Water is a precious commodity – and its conservation is crucial here in Southern California. Most Californians agree that water shortage is a serious problem, especially as we enter our fourth year of drought. Rainfall in our mountain ranges has been consistently below average, leaving our reservoirs at critically low levels. All of this led our governor, Jerry Brown, to call on Californians to reduce their water usage by twenty percent. Recent articles in the LA Times and other publications refer to “water-wise ethics,” and bring thoughts of conservation to the forefront of the minds of homeowners.
So how can we each do our part?
One of the easiest places to conserve large amounts of water in your home is not enclosed in the four walls – it’s outside. According to the EPA, “nationwide landscape irrigation is estimated to account for nearly one-third of all residential water use, totaling nearly 9 billion gallons per day.” That’s a lot of water! It’s also estimated that nearly 50% of water used outside is actually wasted through inefficient systems, watering, and leaky equipment.
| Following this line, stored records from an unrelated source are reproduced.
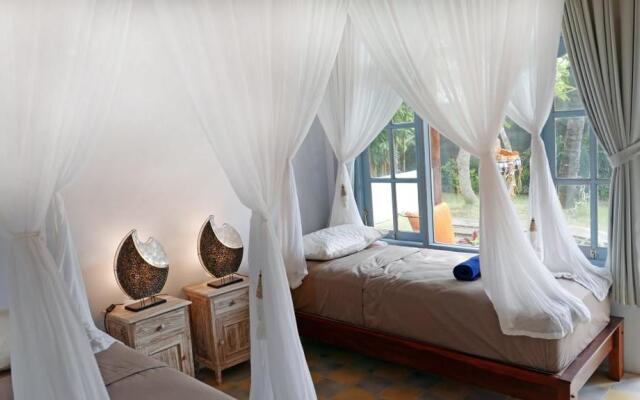 Relax Beach Resort Candidasa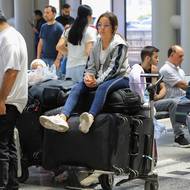 Jediné bejrútské komerční letiště ruší nebo pozastavuje stále více letů a ceny některých letenek prudce vzrostly. Země vyzývají své obyvatele, aby odletěli, dokud to jde.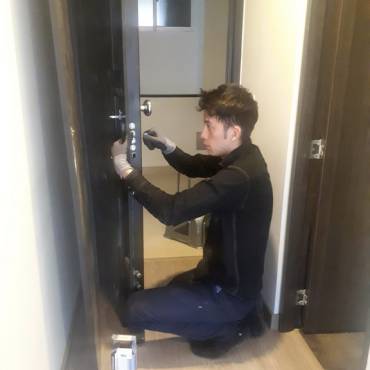 cerrajeros-y-puertas-de-seguridad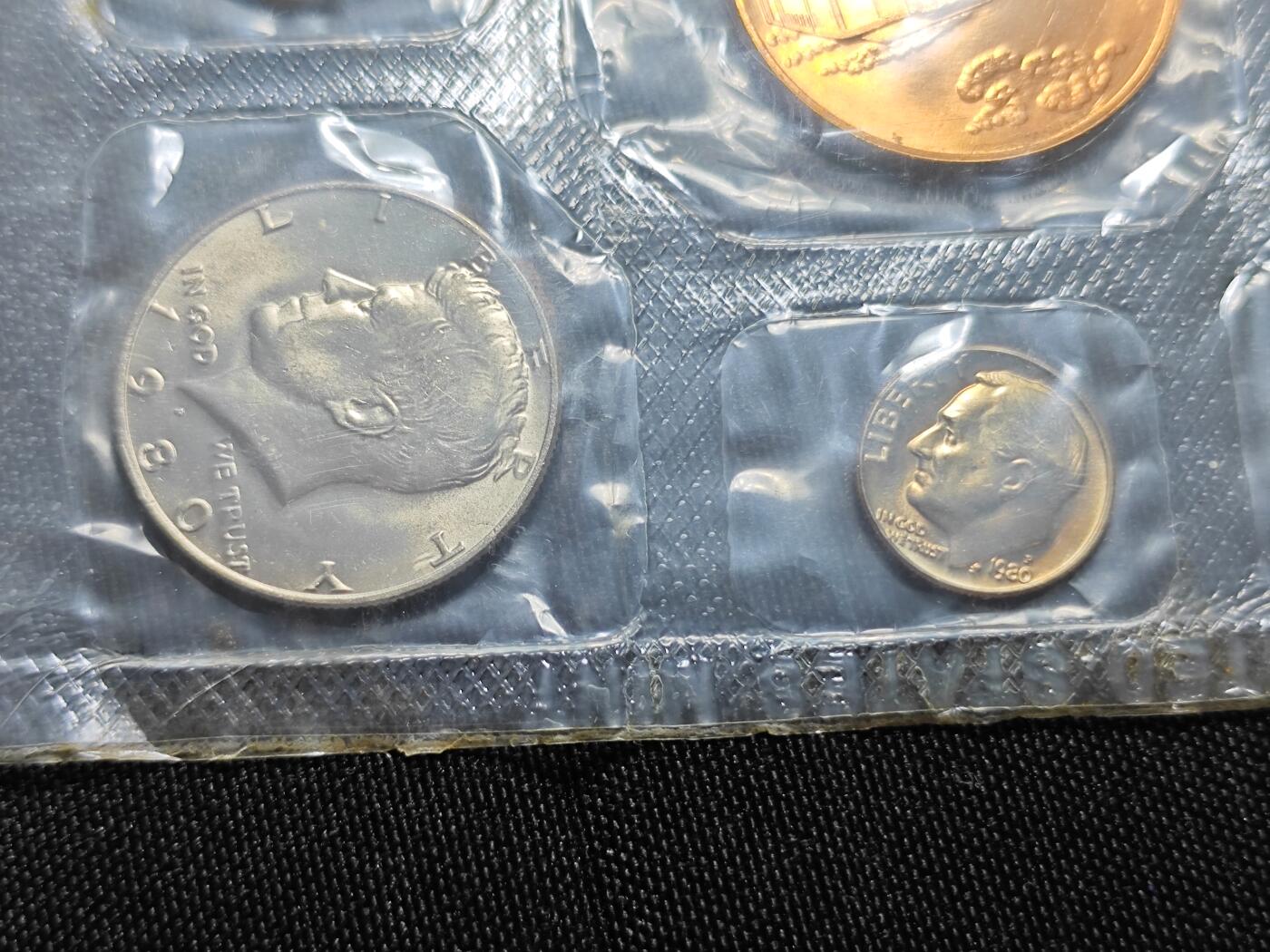 KK钱币收藏小铺   套币专场 2月预留时间 周末发货  美国1980年清年套币 带造币厂纪念铜章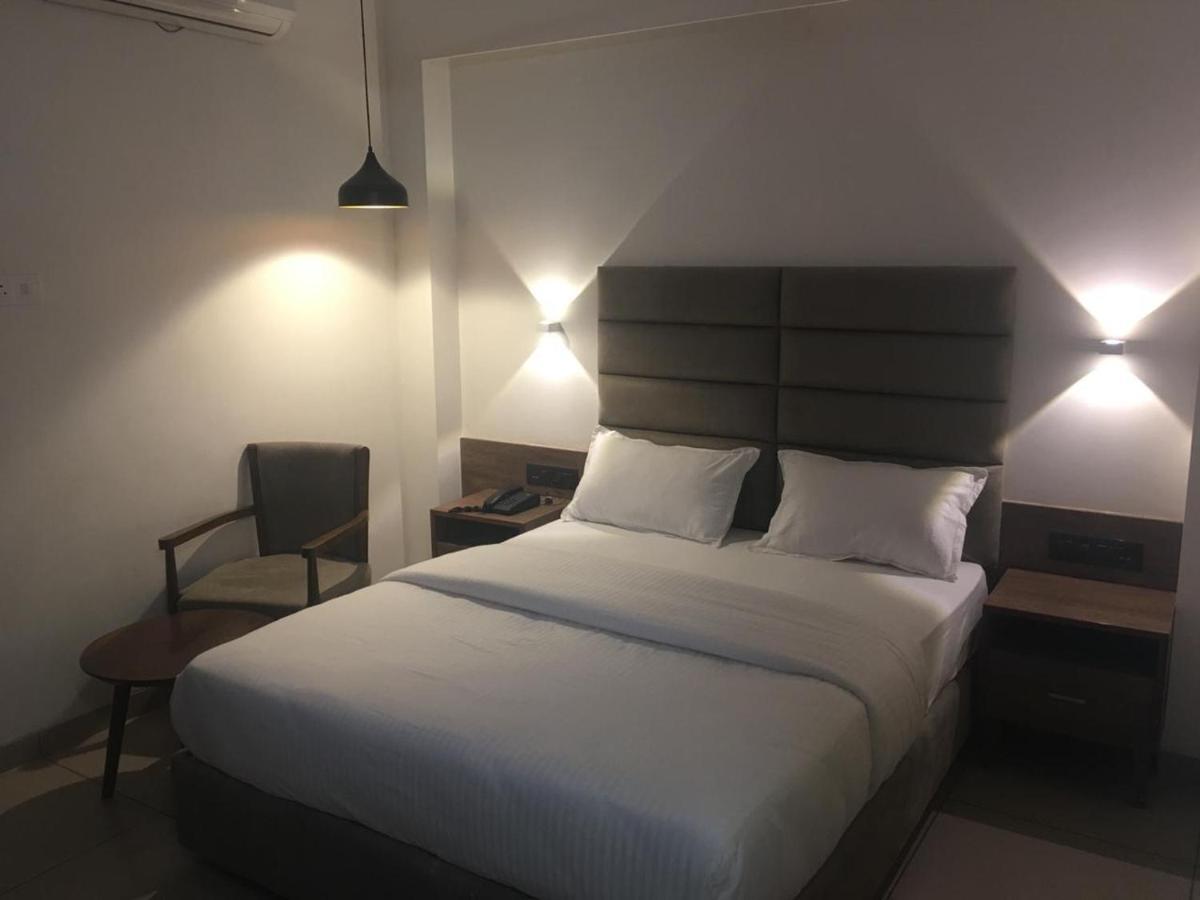 Hotel Regency Surat Exteriör bild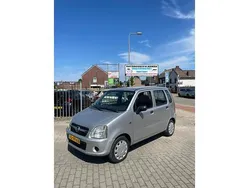 Grijs Gebruikt 2003 Opel Agila Essentia Hatchback | € 1.595 (Iets duurder)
Knowing that, you can make big strides through little changes – small changes that add up to a big impact for our state. Here are my top five tips to save water in your garden and outdoor landscaping.
1. Plant shrubs and lawns that are resistant to drought. Have you heard of xeriscaping? It is landscaping or gardening that reduces the need for water – by selecting specific plants, shrubs, and lawns for your home. Get a list of drought tolerant plants perfect for California here.
2. Water in the morning. Early morning watering, before the sun gets very hot, reduces water loss to evaporation. It also can help prevent the growth of fungus. One thing to remember though is to avoid watering when it’s windy . . . even in the morning. You don’t want all of your water to blow away.
3. Water weekly rather than daily (or only as needed). Your garden can actually benefit more from a weekly soak than a daily sprinkle. This is where crop selection can be important, too. Plants with a shallow root system will need more frequent watering. Plants such as tomatoes, corn, winter squash, sweet potatoes, melons, and asparagus have deeper root systems and need to be watered less. Do research to see what works best in your area.
4. Add a compost system to the garden. It doesn’t have to be large, but compost and worm castings (vermicomposting) can retain moisture in the soil as well as add nutrients. Bokashi, or fermented grain bins, are another way to compost food and add moisture. Basically a good composting system can lead to less watering in your garden.
5. Harvest rainwater. When it does rain, capture it for future use. I think one deterrent here is that people assume the systems are complicated and costly; that isn’t necessarily true. Learn more in this article (which also provides a link to build your own on a budget).
And one bonus tip for you:
Save water indoors to use outdoors. Did you boil vegetables? Clean a fish tank? These have precious nutrients that are actually valuable to your garden. Any water that you can capture indoors (that is chemical free) and be used outdoors can be considered a savings.
I hope these tips help you save water in your garden and landscaping this year. I’d love to hear what tips you have or how you plan to conserve water in 2015 in the comments!